After a workshop I held on it a few months ago one audience member came up to me to passionately argue about the theoretical flaws in the SAFe interpretation. My response was to ask how many organisations he had implemented it in – to which the answer was zero. At heart, full quantification is hard and many organisations don’t begin because the theory sounds good but the practical application seems too daunting. A proxy is far easier to get moving with, and likely to gradually lead towards full quantification anyway.

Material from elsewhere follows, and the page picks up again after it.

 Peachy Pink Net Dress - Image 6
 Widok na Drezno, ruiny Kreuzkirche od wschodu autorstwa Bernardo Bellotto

“The other thing to realize about our economic decisions is that we are trying to improve them, not to make them perfect. We want to make better economic choices than we make today, and today, this bar is set very low. We simply do not need perfect analysis” - Reinertsen
However, there’s no escaping the fact that there are applications of COD that cannot be achieved by using a proxy. Further, the SAFe proxy approach is not without its flaws.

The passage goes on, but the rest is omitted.